Assignment –
With the pictures left out, write out exactly the lines of the listing below that run from the line with "CUSTOMIZZA - Custodia" through the line with "Brass Naag Nandi Shivling 4 inch - image 1".

☆ ☆ ☆ ☆ ☆

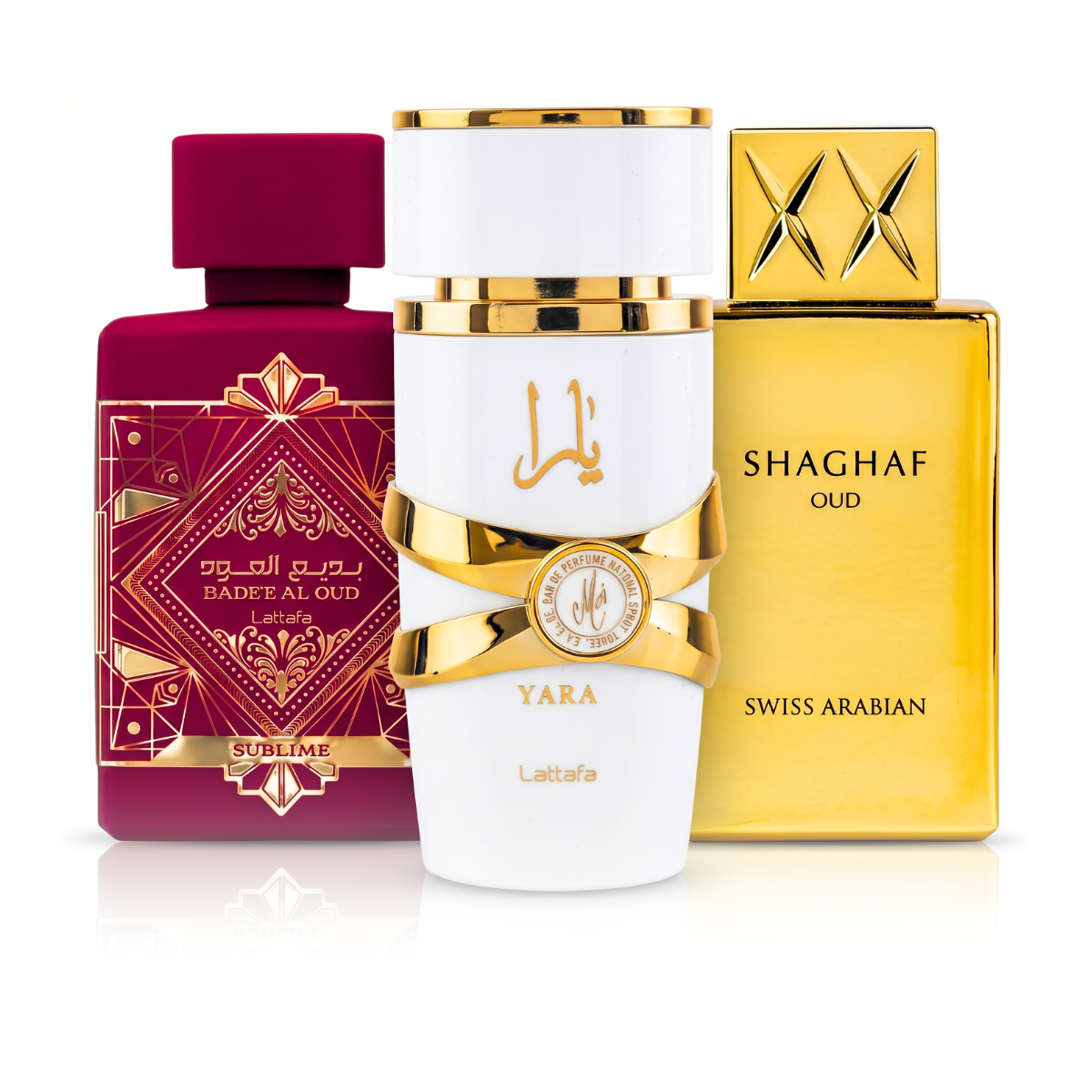 Set di 3 Profumi | Bade'e Al Oud Sublime + Swiss Arabian Shaghaf Oud + Yara Moi 100 ml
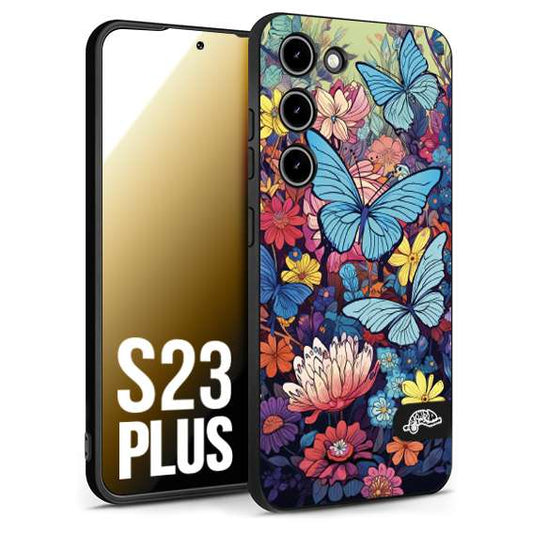 CUSTOMIZZA - Custodia cover nera morbida in tpu compatibile per Samsung S23 PLUS farfalle butterfly moderno donna disegnate gialla blu rosa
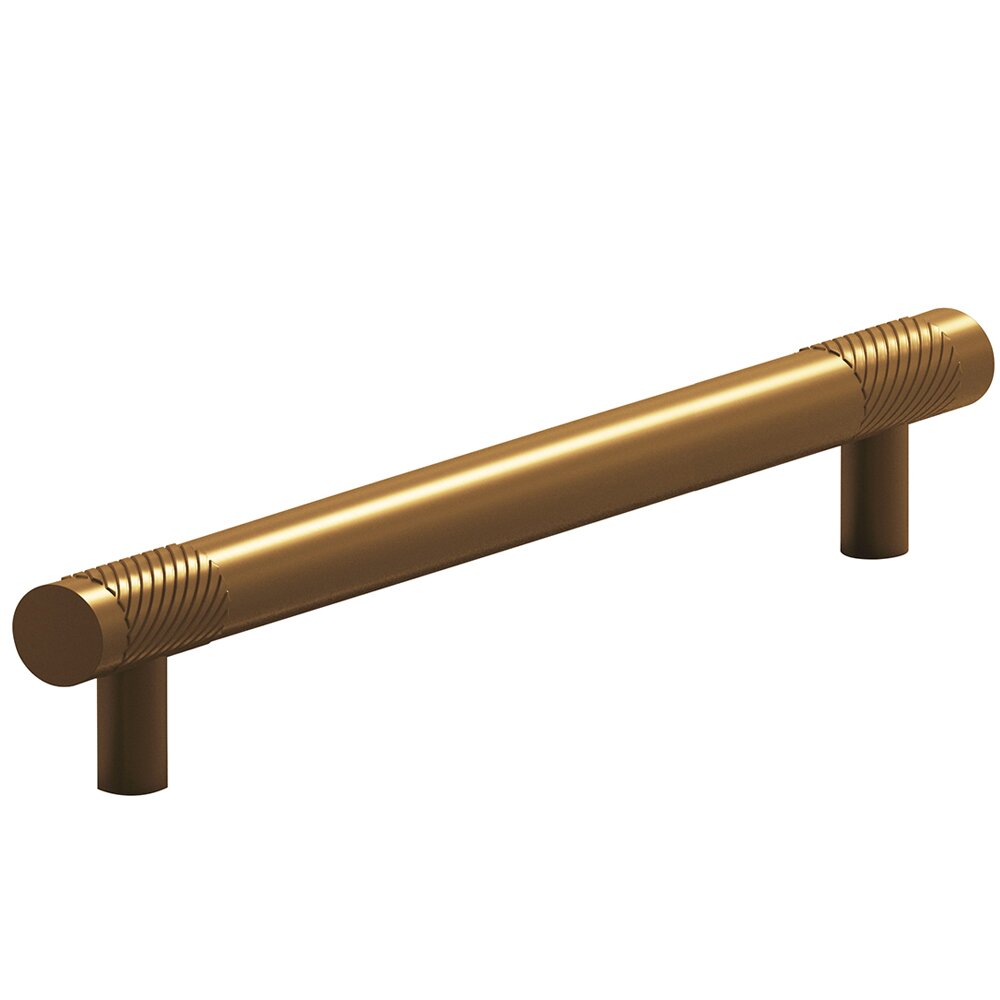 Colonial Bronze 8" Centers Single Knurl Bands Appliance/Oversized Pull in Matte Light Statuary Bronze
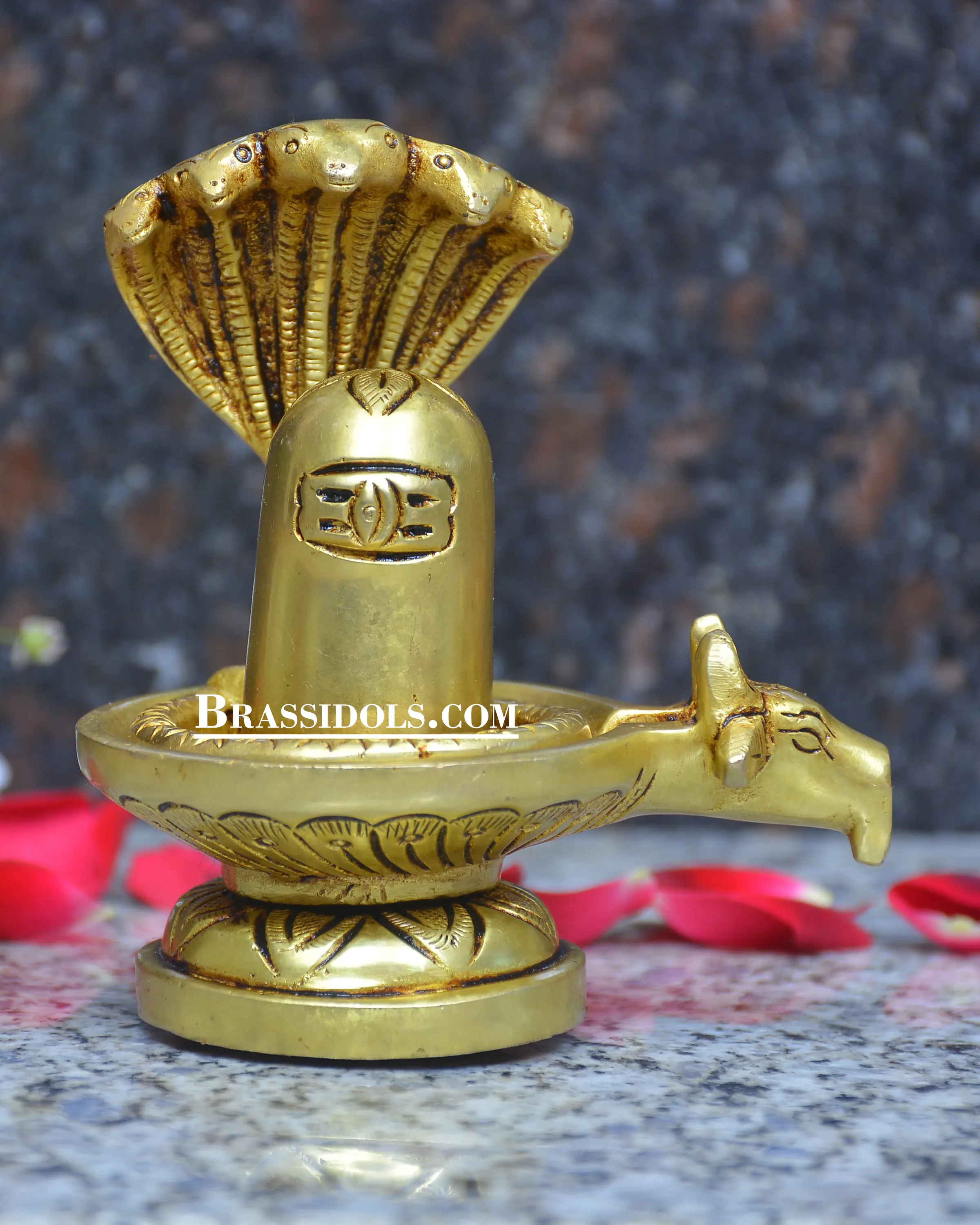 Brass Naag Nandi Shivling 4 inch - image 1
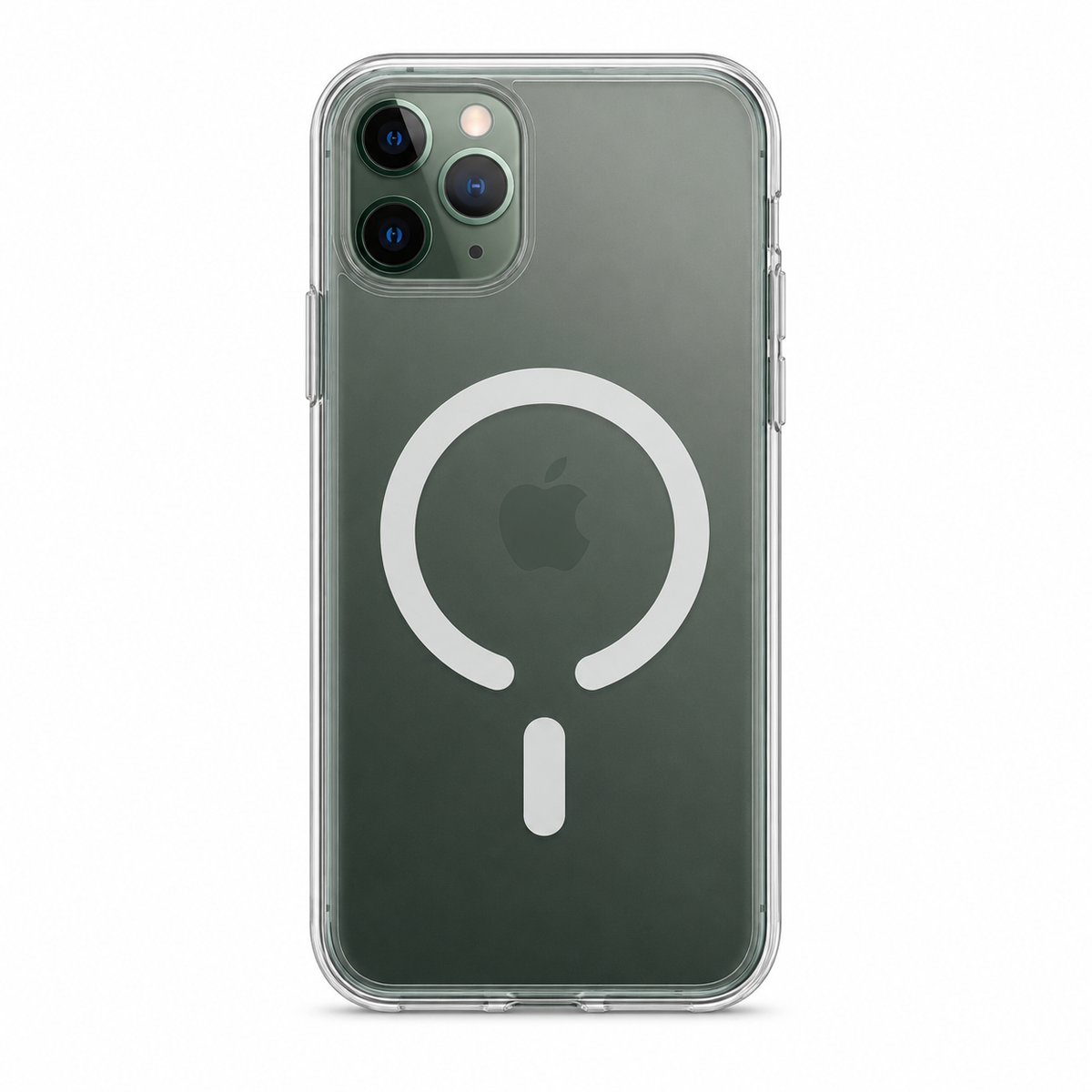 Clear Spigen MagSafe TPU case for iPhone 11 Pro on white background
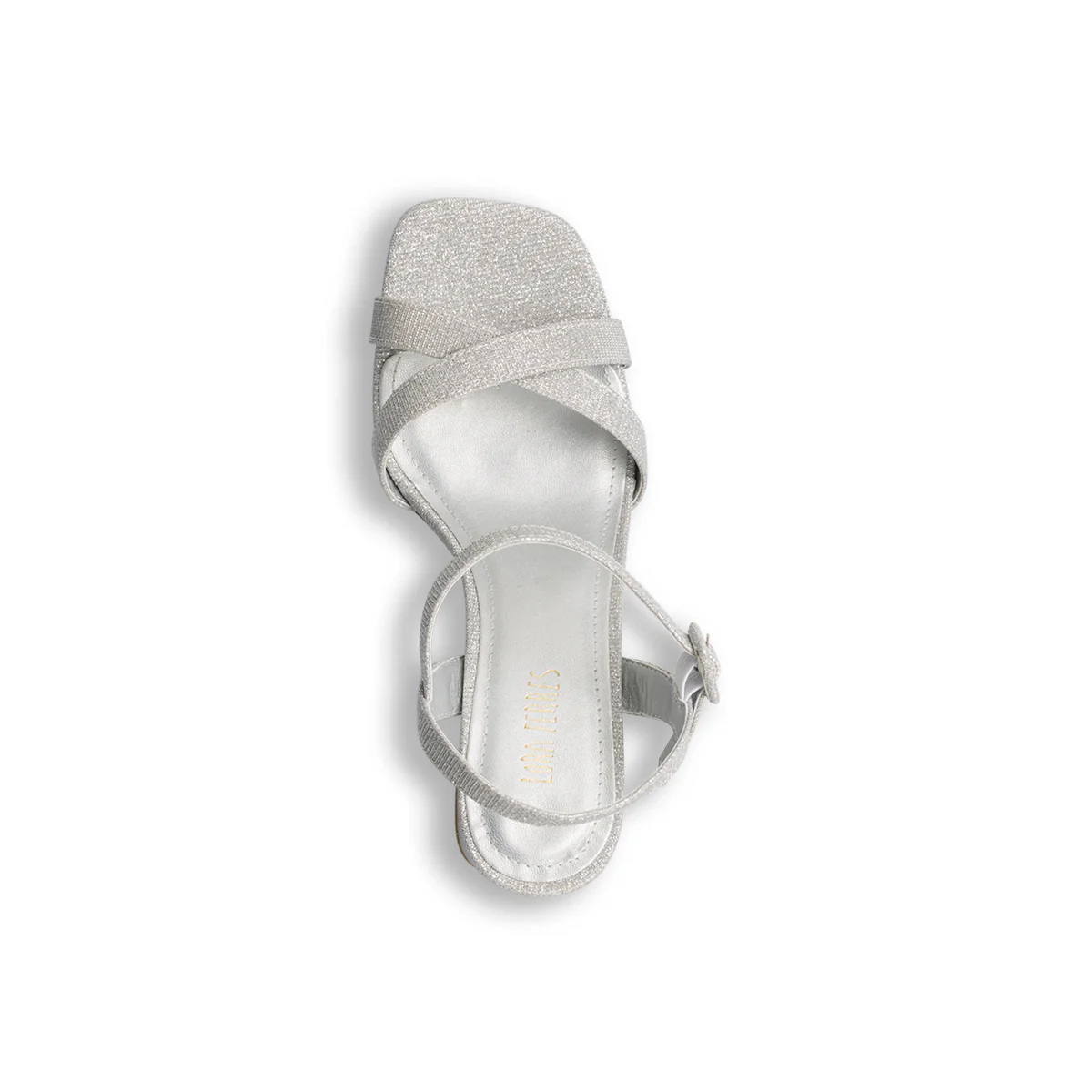 Sandali gioiello argento glitterati da donna con tacco a blocco 7 cm Lora Ferres - Image 5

☆ ☆ ☆ ☆ ☆

Exercise output –
 CUSTOMIZZA - Custodia cover nera morbida in tpu compatibile per Samsung S23 PLUS farfalle butterfly moderno donna disegnate gialla blu rosa
 Colonial Bronze 8" Centers Single Knurl Bands Appliance/Oversized Pull in Matte Light Statuary Bronze
 Brass Naag Nandi Shivling 4 inch - image 1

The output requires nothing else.